Custom WS2812 programming

Hey, I'm prototyping with a few WS2812B LEDs. For those unfamiliar, these are SMD RGB LEDs with a WS2812 IC integrated, and you can address them serially and send RGB data to each led. They are very common in individually addressable LED strips.

Over the years, many libraries have been made to control these, including FastLed and Adafruit's Neopixel, but I'm trying to make my own code for higher customizability. Transmission to these devices require lower-level methods such as AVR programming, and though I understand much of this, I'm not very well versed.

The WS2812 requires an 800KHz clock cycle on one data line, with the average period of a bit being ~1.25μs.

To send a "0", the data line must be:
0.45μs HIGH
0.8μs LOW

To send a "1", the data line must be:
0.8μs HIGH
0.45μs LOW

Each transmission is 24 bits (R,G,B) followed by a minimum 50μs LOW reset.

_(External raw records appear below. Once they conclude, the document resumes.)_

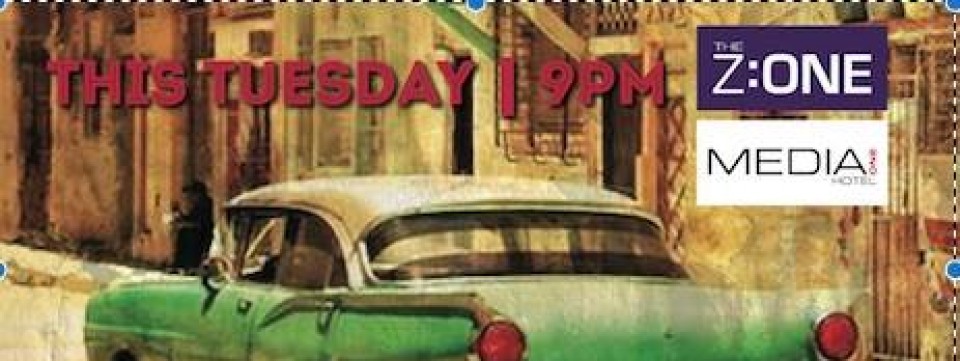 MAFIA LATINA @ THE Z:ONE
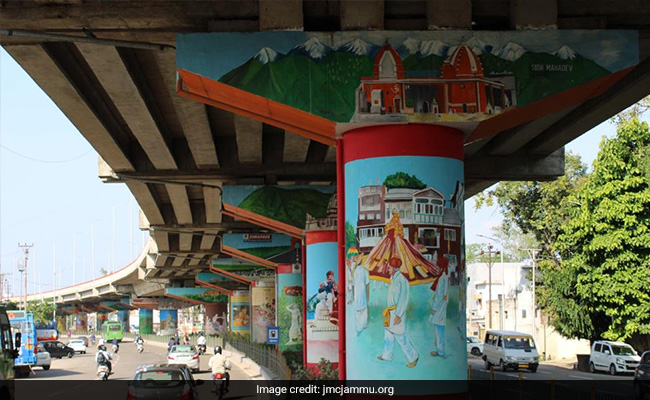 BJP's Rajinder Sharma Elected Mayor Of Jammu Municipal Corporation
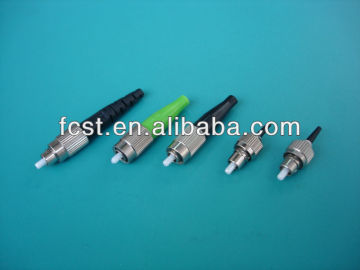 Fiber Optic Single-mode FC/PC Connector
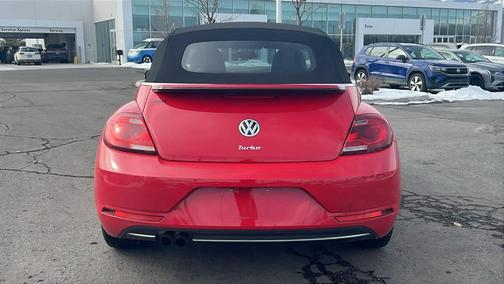 2019 Volkswagen Beetle 2.0T S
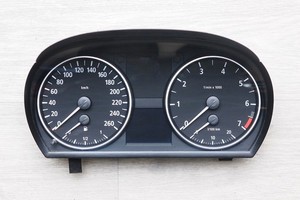 BMW X1 E84 3er E90 E91 E92 E93 316i 318i 320i 323i Tacho Kombiinstrument 9110197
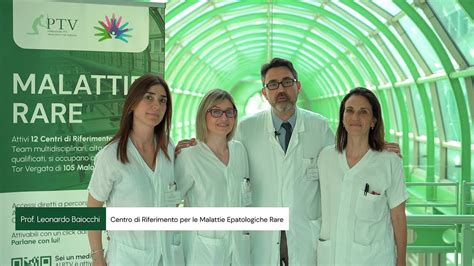 Centro Di Riferimento Per Le Malattie Epatologiche Rare Policlinico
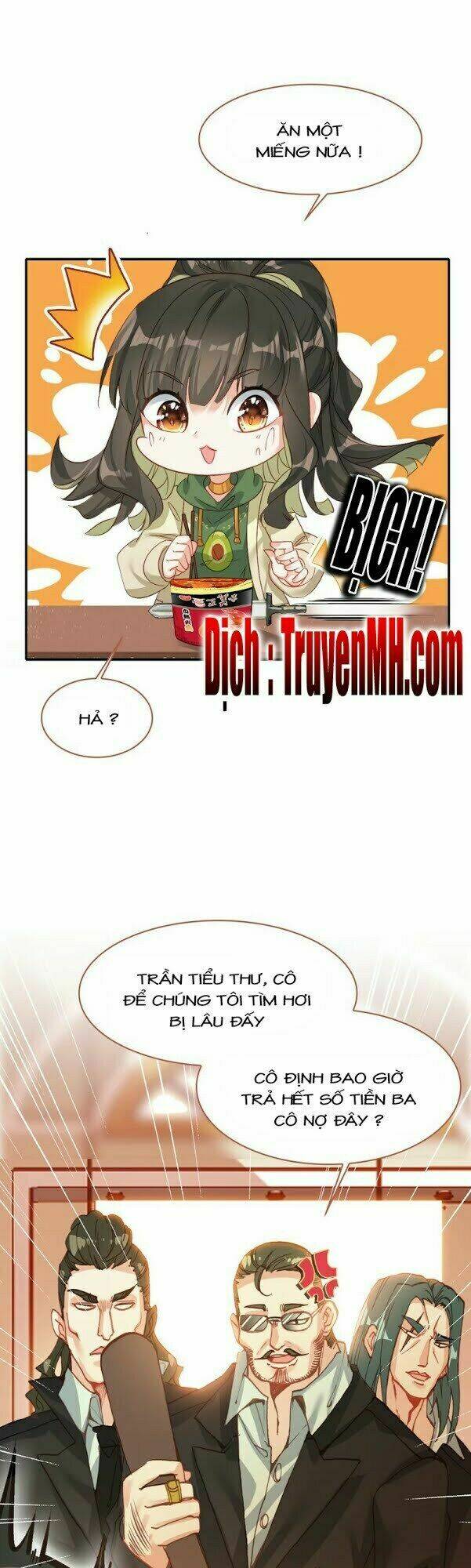 gả cho một tên thái giám đáng ghét chapter 30 10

My question comes down to how to generate each bit. Since each HIGH and LOW period is less than a microsecond, I assume the best way to wait each period is with the assembly "nop", which lasts for 62.5ns:

__asm__("nop\n\t");

With this logic I can chain these together to get close to the required time:

13 × 62.5ns is 0.8125μs
7 × 62.5ns is 0.4375μs

So to wait 13 clock cycles I could use the code

__asm__("nop\n\t""nop\n\t""nop\n\t""nop\n\t""nop\n\t""nop\n\t""nop\n\t""nop\n\t""nop\n\t""nop\n\t""nop\n\t""nop\n\t""nop\n\t");

But I also know I have to set the data pin high or low between these periods of wait, and this may take a few cycles. What is the fastest method? I have seen others suggest

sbi(PORTD, 2);

takes 2 cycles, but how does this compare to

PORTD |= B00000100;

I can't seem to find reliable info on how long each port manipulation method takes.

Once I do know, I can account for the time the operation takes and fill in the gap with "nop" (right?).

Thanks in advance to all help.

CantSayIHave:
Over the years, many libraries have been made to control these, including FastLed and Adafruit's Neopixel, but I'm trying to make my own code for higher customizability.

Since all the source code for both is on github, why not start there?

or, look at Kevin Darrah's video on youtube... a terrific video showing code that controls leds without a library.

but... why not just add your 'custom' methods to the existing fastled library? that lib has a lot of activity on its repo, and many contributors (including LadyAda herself).